Quando Giulio Andreotti venne ad Alba per la Fiera

Giulio Andreotti in visita alla Fiera del tartufo bianco d’Alba nel 1989; al suo fianco l’onorevole Ettore Paganelli.

La morte di Giulio Andreotti, democristiano sette volte presidente del Consiglio, ha scatenato avvicendarsi di opinioni e aneddoti da parte di avversari e sostenitori. Raccontiamo il personaggio chiave della storia politica del mezzo secolo tra gli anni ’50 e il 2000 dando voce alla prospettiva di Ettore Paganelli, ex sindaco di Alba e uno dei pochi langaroli ad aver conosciuto “da vicino” il sette volte presidente del Consiglio.

Lei è stato sottosegretario durante il sesto e il settimo Governo Andreotti. Come ricorda il premier dal punto di vista “umano”?

«Era un uomo affabile. Ricordo che, per festeggiare il suo settantesimo compleanno, Andreotti scelse Alba. Quando arrivò gli raccontai della visita alla città di Aldo Moro, avvenuta nel ’67. In quell’occasione Moro fu acclamato dai cittadini, una giornata davvero trionfale.
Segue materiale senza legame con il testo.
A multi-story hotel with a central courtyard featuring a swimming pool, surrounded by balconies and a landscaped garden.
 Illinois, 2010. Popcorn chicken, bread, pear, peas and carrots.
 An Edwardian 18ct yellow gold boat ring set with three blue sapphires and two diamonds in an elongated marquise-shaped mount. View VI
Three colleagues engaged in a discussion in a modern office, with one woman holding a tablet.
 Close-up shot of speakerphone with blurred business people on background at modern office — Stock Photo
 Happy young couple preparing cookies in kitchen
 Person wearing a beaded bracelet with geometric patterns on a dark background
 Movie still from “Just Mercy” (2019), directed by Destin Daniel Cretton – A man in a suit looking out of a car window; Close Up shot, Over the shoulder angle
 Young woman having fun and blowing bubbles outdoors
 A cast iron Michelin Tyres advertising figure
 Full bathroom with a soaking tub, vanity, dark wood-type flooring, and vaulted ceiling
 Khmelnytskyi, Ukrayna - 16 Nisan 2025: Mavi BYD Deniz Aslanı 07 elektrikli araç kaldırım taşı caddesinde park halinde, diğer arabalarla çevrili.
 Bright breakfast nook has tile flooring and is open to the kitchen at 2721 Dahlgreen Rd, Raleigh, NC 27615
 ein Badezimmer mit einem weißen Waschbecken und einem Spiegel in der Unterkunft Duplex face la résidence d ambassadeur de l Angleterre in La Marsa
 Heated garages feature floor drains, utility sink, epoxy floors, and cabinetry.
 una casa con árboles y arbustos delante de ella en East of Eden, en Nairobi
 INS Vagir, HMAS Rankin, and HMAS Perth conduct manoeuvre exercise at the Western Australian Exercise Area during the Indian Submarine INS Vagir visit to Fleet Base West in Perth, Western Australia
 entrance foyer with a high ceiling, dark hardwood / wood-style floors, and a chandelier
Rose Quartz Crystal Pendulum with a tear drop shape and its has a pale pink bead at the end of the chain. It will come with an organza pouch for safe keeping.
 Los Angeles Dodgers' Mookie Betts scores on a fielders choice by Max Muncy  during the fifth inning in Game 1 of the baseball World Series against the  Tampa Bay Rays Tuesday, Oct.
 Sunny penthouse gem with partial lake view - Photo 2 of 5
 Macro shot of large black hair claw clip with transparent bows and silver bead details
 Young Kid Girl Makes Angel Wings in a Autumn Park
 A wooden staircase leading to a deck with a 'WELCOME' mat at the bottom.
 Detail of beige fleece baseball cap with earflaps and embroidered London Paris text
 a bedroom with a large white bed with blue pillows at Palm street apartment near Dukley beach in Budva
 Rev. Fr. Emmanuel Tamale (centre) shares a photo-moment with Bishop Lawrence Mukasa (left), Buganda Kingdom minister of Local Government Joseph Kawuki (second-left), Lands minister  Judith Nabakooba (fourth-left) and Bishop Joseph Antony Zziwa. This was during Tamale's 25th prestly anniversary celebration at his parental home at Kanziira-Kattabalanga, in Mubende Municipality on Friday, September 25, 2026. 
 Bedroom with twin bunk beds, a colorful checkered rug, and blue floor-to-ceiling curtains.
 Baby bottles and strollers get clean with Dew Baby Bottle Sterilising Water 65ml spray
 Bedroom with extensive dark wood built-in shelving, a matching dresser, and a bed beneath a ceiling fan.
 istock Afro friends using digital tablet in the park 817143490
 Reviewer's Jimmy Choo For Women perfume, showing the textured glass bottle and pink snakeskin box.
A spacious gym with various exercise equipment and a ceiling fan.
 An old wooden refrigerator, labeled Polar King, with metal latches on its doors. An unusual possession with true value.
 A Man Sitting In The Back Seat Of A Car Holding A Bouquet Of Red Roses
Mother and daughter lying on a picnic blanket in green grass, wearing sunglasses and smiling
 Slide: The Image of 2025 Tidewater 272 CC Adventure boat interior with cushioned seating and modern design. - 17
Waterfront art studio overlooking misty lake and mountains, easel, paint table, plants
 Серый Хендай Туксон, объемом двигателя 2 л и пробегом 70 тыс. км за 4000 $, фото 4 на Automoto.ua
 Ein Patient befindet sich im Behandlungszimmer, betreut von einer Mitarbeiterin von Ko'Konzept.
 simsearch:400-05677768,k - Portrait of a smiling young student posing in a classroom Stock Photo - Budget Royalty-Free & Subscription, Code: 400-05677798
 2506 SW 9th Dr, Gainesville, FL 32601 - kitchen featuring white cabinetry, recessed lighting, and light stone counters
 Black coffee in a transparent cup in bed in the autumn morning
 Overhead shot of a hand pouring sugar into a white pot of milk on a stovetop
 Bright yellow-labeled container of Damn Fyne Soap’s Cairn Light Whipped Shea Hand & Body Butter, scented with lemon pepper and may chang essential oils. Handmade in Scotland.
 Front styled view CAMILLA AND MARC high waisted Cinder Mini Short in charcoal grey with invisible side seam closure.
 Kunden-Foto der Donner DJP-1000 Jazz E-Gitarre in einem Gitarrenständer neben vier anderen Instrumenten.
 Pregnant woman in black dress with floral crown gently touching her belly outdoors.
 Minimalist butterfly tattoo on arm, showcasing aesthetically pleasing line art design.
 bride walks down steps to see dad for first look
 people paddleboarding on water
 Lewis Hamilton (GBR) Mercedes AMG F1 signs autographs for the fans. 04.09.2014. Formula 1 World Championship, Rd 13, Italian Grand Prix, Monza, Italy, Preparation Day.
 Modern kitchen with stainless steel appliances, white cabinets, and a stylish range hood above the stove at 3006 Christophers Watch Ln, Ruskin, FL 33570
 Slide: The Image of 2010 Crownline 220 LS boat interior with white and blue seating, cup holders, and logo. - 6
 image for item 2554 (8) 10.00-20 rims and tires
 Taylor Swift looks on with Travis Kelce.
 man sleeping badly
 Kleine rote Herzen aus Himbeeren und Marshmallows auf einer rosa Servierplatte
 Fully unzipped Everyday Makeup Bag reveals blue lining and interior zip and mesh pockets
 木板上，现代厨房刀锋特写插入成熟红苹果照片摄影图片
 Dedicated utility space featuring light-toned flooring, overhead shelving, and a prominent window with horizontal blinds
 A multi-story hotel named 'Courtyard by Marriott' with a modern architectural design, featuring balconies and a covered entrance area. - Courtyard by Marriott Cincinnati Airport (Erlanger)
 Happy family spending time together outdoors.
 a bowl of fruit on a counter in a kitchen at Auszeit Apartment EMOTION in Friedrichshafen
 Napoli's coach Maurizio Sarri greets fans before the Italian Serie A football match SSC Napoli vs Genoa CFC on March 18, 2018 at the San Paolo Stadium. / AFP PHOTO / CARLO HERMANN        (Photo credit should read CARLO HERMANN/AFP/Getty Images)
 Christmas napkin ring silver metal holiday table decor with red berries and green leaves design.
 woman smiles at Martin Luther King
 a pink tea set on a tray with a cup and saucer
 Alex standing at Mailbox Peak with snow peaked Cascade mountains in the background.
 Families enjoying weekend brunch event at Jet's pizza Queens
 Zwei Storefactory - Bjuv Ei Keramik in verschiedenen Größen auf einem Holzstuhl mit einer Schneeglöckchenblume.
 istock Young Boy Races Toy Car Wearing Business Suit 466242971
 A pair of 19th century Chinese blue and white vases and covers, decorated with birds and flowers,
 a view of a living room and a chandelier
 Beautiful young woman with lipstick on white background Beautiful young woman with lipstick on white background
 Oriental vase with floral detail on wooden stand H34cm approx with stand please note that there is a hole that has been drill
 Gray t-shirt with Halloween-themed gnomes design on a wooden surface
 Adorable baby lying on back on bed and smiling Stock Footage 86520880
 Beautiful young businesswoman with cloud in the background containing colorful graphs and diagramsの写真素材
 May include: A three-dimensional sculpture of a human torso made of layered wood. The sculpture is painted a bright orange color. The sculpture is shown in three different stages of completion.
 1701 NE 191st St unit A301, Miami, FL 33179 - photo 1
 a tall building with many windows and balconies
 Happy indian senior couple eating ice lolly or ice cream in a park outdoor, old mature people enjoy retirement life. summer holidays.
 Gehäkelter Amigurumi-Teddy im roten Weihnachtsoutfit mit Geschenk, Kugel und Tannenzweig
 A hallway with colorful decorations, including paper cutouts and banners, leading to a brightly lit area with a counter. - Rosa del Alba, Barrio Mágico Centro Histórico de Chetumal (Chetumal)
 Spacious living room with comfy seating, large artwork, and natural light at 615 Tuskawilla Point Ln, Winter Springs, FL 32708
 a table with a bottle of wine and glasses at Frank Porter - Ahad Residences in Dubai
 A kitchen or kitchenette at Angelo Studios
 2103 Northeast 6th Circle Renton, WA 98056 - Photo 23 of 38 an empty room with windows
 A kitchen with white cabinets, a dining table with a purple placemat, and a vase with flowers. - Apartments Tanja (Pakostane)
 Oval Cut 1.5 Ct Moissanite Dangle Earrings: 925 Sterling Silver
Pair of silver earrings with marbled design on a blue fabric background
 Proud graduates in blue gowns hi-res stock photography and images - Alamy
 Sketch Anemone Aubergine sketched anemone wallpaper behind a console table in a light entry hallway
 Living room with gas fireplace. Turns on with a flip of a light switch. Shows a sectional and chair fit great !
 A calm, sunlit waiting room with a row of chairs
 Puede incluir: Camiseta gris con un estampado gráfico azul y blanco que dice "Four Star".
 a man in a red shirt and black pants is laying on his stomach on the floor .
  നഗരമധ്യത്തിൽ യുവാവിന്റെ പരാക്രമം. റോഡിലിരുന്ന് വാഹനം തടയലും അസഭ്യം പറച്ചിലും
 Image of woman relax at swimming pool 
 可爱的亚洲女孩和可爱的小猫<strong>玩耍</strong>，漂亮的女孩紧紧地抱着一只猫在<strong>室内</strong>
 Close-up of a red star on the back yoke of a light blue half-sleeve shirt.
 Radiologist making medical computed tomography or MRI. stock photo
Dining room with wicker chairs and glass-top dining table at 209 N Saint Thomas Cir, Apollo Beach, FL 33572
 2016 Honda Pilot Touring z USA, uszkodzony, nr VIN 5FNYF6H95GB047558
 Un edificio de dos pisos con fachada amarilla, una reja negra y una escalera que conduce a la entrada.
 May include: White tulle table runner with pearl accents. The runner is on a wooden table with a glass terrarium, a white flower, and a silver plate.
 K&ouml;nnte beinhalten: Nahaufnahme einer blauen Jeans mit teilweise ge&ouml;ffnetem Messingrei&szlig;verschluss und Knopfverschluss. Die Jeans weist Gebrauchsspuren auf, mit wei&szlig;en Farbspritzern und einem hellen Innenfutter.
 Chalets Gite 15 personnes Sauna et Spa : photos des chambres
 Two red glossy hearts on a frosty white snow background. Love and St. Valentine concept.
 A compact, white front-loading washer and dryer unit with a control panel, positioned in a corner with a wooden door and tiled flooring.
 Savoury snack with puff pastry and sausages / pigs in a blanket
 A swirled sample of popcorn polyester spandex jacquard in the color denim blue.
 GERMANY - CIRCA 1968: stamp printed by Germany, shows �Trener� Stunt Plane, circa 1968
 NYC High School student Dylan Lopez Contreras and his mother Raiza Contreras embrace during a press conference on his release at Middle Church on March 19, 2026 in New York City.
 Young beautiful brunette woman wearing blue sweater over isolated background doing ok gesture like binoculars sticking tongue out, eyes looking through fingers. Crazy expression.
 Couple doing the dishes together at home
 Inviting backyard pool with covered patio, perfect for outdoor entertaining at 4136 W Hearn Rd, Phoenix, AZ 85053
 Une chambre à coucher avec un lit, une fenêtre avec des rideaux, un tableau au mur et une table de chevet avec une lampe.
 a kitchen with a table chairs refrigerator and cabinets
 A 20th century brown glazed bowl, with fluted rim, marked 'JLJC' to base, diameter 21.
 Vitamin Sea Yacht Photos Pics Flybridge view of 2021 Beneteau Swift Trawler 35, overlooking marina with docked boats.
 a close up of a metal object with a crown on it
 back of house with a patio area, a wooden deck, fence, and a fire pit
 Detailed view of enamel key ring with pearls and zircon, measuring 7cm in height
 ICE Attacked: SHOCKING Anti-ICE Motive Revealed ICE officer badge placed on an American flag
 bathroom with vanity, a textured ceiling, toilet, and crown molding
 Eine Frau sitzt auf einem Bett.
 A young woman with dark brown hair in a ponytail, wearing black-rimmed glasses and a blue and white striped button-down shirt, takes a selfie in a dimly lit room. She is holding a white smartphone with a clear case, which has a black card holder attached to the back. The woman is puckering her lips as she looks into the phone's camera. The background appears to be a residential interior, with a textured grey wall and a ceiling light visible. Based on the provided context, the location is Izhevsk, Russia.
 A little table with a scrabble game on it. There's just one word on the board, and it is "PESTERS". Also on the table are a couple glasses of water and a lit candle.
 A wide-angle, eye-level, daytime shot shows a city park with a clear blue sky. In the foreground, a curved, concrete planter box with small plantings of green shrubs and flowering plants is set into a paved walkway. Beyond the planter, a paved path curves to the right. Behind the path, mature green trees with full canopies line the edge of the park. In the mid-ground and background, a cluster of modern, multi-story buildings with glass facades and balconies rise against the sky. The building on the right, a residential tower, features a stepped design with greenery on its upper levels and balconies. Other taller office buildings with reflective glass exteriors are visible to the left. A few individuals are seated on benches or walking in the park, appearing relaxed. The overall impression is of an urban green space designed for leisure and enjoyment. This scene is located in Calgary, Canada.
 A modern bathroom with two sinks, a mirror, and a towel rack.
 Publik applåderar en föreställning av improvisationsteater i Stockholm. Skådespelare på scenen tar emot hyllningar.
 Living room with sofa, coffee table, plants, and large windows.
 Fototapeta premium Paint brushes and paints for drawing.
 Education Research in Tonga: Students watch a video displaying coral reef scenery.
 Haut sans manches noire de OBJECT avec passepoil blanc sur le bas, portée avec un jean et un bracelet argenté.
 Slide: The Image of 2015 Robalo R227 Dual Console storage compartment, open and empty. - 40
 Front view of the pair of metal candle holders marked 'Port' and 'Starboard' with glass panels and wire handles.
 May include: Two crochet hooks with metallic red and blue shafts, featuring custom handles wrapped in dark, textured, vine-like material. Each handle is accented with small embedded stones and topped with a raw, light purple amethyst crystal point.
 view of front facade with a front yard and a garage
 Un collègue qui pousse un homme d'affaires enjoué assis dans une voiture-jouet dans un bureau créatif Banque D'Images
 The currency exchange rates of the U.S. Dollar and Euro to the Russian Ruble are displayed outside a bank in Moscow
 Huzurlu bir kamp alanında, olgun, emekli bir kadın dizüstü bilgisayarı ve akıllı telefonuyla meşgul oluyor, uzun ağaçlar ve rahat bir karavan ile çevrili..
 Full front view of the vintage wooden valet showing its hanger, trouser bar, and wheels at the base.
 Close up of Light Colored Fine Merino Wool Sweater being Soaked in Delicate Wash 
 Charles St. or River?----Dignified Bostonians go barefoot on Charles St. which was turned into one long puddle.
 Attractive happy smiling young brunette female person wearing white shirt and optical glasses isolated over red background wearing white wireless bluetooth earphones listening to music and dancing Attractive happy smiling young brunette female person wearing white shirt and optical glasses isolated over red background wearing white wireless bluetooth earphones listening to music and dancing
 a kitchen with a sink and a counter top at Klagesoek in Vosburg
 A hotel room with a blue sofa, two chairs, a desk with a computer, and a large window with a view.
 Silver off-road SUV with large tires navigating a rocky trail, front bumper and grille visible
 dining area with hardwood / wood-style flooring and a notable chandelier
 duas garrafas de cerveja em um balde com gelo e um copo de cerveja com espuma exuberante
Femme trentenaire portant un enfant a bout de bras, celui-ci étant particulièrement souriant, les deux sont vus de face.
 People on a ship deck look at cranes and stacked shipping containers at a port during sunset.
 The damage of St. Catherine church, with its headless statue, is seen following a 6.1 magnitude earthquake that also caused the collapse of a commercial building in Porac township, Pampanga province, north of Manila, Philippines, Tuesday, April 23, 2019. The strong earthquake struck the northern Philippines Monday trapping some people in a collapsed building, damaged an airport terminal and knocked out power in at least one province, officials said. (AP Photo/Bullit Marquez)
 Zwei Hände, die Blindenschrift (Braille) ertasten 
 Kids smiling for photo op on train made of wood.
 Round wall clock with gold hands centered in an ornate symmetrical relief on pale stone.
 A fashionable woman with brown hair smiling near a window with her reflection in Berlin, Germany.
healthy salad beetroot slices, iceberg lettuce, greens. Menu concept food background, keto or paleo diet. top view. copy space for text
Andreotti mi confidò che capiva bene perché Moro fosse rimasto stupito e commosso dalla nostra città: disse che Alba era una realtà in rapida evoluzione, un luogo con un’identità capace di colpire chi, come lui, era abituato a vivere in una grande metropoli».

Giulio Andreotti in visita alla Fiera del tartufo bianco d’Alba nel 1989; al suo fianco l’onorevole Ettore Paganelli.

Potrebbe raccontare un aneddoto capace di “sintetizzare” la personalità di Andreotti?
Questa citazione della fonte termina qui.